◆ **Assignment**
Copy out each line from the start of the material below until the line with "Rust Brown Wool Scarf", that line included.

◆ **Information supplied**
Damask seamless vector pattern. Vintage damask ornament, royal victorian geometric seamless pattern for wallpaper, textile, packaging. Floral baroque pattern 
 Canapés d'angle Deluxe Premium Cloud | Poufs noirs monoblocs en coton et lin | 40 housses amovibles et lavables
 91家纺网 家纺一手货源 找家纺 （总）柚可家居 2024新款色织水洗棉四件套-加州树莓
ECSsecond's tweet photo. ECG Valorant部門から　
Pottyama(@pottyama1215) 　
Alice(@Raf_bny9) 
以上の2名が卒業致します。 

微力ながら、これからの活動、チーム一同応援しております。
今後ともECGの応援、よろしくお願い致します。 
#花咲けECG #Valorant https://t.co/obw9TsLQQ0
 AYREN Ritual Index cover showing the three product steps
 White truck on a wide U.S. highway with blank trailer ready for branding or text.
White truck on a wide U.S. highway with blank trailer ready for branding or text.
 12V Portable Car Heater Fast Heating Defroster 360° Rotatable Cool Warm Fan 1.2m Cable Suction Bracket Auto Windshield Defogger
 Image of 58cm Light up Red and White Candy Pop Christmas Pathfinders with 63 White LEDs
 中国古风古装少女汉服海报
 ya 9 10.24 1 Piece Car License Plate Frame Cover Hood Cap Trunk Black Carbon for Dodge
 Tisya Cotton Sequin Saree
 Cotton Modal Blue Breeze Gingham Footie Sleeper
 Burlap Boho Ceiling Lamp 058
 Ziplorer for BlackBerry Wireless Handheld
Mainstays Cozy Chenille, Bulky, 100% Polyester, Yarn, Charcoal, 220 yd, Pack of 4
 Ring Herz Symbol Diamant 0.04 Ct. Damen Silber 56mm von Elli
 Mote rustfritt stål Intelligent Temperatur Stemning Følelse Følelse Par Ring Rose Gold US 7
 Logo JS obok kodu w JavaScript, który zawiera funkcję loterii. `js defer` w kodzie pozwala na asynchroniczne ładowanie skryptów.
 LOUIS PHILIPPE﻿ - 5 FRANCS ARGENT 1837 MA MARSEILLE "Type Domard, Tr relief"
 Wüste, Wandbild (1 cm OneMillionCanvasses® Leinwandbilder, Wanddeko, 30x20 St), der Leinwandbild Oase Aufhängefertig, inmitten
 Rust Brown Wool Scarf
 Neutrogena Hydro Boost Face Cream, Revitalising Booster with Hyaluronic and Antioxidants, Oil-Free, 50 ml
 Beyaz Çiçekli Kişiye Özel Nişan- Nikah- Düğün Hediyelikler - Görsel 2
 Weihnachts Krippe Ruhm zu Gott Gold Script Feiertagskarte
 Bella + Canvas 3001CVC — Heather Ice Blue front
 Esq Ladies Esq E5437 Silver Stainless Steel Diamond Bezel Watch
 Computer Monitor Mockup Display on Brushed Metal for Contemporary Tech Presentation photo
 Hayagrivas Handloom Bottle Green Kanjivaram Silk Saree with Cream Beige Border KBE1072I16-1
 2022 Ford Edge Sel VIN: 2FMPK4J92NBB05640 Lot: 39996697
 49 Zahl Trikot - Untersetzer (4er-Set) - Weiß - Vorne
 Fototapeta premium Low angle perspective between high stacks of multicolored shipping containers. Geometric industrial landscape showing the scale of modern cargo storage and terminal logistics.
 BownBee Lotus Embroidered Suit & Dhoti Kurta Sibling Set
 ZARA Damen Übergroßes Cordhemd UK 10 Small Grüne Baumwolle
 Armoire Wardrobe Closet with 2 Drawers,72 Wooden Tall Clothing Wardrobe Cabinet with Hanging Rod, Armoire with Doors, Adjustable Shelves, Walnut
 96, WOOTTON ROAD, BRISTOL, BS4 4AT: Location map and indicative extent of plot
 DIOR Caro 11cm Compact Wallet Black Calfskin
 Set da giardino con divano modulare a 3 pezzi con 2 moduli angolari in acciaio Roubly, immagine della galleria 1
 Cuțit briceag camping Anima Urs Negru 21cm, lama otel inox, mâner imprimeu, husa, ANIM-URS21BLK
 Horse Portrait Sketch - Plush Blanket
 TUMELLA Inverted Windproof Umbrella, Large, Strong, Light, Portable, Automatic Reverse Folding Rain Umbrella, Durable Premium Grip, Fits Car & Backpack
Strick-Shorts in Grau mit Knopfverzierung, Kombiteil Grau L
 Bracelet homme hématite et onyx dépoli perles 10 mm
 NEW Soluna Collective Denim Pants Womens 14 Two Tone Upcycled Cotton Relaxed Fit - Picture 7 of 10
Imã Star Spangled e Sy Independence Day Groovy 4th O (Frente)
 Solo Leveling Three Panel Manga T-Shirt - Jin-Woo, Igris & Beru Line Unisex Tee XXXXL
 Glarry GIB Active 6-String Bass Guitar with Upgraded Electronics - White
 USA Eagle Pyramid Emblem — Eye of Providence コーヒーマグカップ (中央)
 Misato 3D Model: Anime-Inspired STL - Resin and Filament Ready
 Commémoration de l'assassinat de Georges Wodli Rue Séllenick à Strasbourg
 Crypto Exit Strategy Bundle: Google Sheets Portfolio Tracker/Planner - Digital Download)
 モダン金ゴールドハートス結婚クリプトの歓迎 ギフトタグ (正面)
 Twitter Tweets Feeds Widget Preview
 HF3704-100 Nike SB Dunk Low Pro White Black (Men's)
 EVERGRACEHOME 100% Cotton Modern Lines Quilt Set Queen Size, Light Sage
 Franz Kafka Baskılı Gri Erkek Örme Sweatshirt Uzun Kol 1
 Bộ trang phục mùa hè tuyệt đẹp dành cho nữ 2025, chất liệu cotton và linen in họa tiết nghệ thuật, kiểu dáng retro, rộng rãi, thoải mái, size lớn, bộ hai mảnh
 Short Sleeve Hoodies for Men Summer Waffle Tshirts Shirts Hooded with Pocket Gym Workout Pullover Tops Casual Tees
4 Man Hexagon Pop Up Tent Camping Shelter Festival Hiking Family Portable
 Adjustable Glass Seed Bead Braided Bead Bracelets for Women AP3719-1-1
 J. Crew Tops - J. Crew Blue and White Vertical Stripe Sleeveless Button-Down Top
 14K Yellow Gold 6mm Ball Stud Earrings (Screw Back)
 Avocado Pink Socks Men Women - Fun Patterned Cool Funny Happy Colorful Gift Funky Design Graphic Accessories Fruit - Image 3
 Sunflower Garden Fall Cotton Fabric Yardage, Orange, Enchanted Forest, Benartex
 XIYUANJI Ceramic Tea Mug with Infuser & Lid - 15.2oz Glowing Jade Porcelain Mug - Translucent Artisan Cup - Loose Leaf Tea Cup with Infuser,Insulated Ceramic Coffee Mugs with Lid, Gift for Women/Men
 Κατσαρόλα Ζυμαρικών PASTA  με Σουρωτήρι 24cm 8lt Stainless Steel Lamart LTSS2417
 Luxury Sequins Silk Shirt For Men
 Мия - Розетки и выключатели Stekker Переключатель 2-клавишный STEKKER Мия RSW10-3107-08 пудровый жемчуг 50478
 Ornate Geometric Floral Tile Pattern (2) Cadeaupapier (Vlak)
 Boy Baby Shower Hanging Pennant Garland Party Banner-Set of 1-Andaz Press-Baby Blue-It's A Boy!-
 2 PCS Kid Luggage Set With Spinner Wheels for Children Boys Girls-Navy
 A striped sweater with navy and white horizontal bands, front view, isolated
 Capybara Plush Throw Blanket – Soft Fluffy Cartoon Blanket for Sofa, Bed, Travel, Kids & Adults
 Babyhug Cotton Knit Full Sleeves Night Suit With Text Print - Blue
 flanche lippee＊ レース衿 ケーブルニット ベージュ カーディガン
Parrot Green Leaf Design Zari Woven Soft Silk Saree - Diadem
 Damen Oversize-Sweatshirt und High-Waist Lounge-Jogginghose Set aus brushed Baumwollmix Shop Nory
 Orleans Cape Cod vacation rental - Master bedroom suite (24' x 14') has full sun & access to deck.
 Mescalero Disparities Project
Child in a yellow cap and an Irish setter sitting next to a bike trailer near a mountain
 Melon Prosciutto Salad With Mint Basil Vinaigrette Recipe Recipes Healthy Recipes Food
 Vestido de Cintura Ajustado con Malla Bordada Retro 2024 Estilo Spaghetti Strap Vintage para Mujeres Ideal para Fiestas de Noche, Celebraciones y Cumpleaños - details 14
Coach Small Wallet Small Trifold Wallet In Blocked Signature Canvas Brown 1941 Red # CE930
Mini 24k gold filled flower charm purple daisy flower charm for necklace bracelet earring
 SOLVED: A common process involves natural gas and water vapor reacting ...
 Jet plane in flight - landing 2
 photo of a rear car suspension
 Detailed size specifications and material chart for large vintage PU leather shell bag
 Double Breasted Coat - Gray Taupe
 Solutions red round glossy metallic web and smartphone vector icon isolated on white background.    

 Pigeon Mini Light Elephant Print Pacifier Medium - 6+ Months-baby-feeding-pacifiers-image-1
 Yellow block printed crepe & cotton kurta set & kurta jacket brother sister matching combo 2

◆ **Your response**
Damask seamless vector pattern. Vintage damask ornament, royal victorian geometric seamless pattern for wallpaper, textile, packaging. Floral baroque pattern 
 Canapés d'angle Deluxe Premium Cloud | Poufs noirs monoblocs en coton et lin | 40 housses amovibles et lavables
 91家纺网 家纺一手货源 找家纺 （总）柚可家居 2024新款色织水洗棉四件套-加州树莓
ECSsecond's tweet photo. ECG Valorant部門から　
Pottyama(@pottyama1215) 　
Alice(@Raf_bny9) 
以上の2名が卒業致します。 

微力ながら、これからの活動、チーム一同応援しております。
今後ともECGの応援、よろしくお願い致します。 
#花咲けECG #Valorant https://t.co/obw9TsLQQ0
 AYREN Ritual Index cover showing the three product steps
 White truck on a wide U.S. highway with blank trailer ready for branding or text.
White truck on a wide U.S. highway with blank trailer ready for branding or text.
 12V Portable Car Heater Fast Heating Defroster 360° Rotatable Cool Warm Fan 1.2m Cable Suction Bracket Auto Windshield Defogger
 Image of 58cm Light up Red and White Candy Pop Christmas Pathfinders with 63 White LEDs
 中国古风古装少女汉服海报
 ya 9 10.24 1 Piece Car License Plate Frame Cover Hood Cap Trunk Black Carbon for Dodge
 Tisya Cotton Sequin Saree
 Cotton Modal Blue Breeze Gingham Footie Sleeper
 Burlap Boho Ceiling Lamp 058
 Ziplorer for BlackBerry Wireless Handheld
Mainstays Cozy Chenille, Bulky, 100% Polyester, Yarn, Charcoal, 220 yd, Pack of 4
 Ring Herz Symbol Diamant 0.04 Ct. Damen Silber 56mm von Elli
 Mote rustfritt stål Intelligent Temperatur Stemning Følelse Følelse Par Ring Rose Gold US 7
 Logo JS obok kodu w JavaScript, który zawiera funkcję loterii. `js defer` w kodzie pozwala na asynchroniczne ładowanie skryptów.
 LOUIS PHILIPPE﻿ - 5 FRANCS ARGENT 1837 MA MARSEILLE "Type Domard, Tr relief"
 Wüste, Wandbild (1 cm OneMillionCanvasses® Leinwandbilder, Wanddeko, 30x20 St), der Leinwandbild Oase Aufhängefertig, inmitten
 Rust Brown Wool Scarf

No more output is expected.